Records contained in a dataset:
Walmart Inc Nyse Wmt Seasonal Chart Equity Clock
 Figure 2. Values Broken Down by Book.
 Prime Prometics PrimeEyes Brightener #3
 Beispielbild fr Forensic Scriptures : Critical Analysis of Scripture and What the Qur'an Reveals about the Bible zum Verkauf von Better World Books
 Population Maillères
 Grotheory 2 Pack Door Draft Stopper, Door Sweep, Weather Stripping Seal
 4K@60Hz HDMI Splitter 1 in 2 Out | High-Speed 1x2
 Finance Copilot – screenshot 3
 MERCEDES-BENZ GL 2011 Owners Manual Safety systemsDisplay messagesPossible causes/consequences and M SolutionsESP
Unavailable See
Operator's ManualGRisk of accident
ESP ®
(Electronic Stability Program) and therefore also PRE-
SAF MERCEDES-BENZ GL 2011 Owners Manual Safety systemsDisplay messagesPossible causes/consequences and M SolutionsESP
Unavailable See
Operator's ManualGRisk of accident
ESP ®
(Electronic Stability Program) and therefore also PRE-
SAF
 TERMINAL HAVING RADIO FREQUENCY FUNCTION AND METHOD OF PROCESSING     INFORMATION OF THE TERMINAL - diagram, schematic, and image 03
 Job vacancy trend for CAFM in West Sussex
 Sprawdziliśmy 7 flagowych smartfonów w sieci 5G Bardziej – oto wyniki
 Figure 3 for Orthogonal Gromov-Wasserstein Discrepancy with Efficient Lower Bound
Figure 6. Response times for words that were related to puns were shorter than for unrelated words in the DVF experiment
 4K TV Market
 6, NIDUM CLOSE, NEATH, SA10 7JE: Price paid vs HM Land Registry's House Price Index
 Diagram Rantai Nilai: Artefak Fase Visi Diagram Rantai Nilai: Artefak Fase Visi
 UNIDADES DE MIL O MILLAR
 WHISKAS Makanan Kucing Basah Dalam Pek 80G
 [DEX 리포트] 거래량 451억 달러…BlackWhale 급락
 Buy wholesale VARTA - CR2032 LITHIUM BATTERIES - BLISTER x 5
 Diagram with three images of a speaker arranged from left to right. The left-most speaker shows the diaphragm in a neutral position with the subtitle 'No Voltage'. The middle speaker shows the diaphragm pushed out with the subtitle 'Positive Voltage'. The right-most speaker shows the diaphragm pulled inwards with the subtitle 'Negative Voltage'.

HOW TO COMPLETE THIS TASK: Write all the data out again, exactly.

SOLUTION TO THIS PROBLEM:
Walmart Inc Nyse Wmt Seasonal Chart Equity Clock
 Figure 2. Values Broken Down by Book.
 Prime Prometics PrimeEyes Brightener #3
 Beispielbild fr Forensic Scriptures : Critical Analysis of Scripture and What the Qur'an Reveals about the Bible zum Verkauf von Better World Books
 Population Maillères
 Grotheory 2 Pack Door Draft Stopper, Door Sweep, Weather Stripping Seal
 4K@60Hz HDMI Splitter 1 in 2 Out | High-Speed 1x2
 Finance Copilot – screenshot 3
 MERCEDES-BENZ GL 2011 Owners Manual Safety systemsDisplay messagesPossible causes/consequences and M SolutionsESP
Unavailable See
Operator's ManualGRisk of accident
ESP ®
(Electronic Stability Program) and therefore also PRE-
SAF MERCEDES-BENZ GL 2011 Owners Manual Safety systemsDisplay messagesPossible causes/consequences and M SolutionsESP
Unavailable See
Operator's ManualGRisk of accident
ESP ®
(Electronic Stability Program) and therefore also PRE-
SAF
 TERMINAL HAVING RADIO FREQUENCY FUNCTION AND METHOD OF PROCESSING     INFORMATION OF THE TERMINAL - diagram, schematic, and image 03
 Job vacancy trend for CAFM in West Sussex
 Sprawdziliśmy 7 flagowych smartfonów w sieci 5G Bardziej – oto wyniki
 Figure 3 for Orthogonal Gromov-Wasserstein Discrepancy with Efficient Lower Bound
Figure 6. Response times for words that were related to puns were shorter than for unrelated words in the DVF experiment
 4K TV Market
 6, NIDUM CLOSE, NEATH, SA10 7JE: Price paid vs HM Land Registry's House Price Index
 Diagram Rantai Nilai: Artefak Fase Visi Diagram Rantai Nilai: Artefak Fase Visi
 UNIDADES DE MIL O MILLAR
 WHISKAS Makanan Kucing Basah Dalam Pek 80G
 [DEX 리포트] 거래량 451억 달러…BlackWhale 급락
 Buy wholesale VARTA - CR2032 LITHIUM BATTERIES - BLISTER x 5
 Diagram with three images of a speaker arranged from left to right. The left-most speaker shows the diaphragm in a neutral position with the subtitle 'No Voltage'. The middle speaker shows the diaphragm pushed out with the subtitle 'Positive Voltage'. The right-most speaker shows the diaphragm pulled inwards with the subtitle 'Negative Voltage'.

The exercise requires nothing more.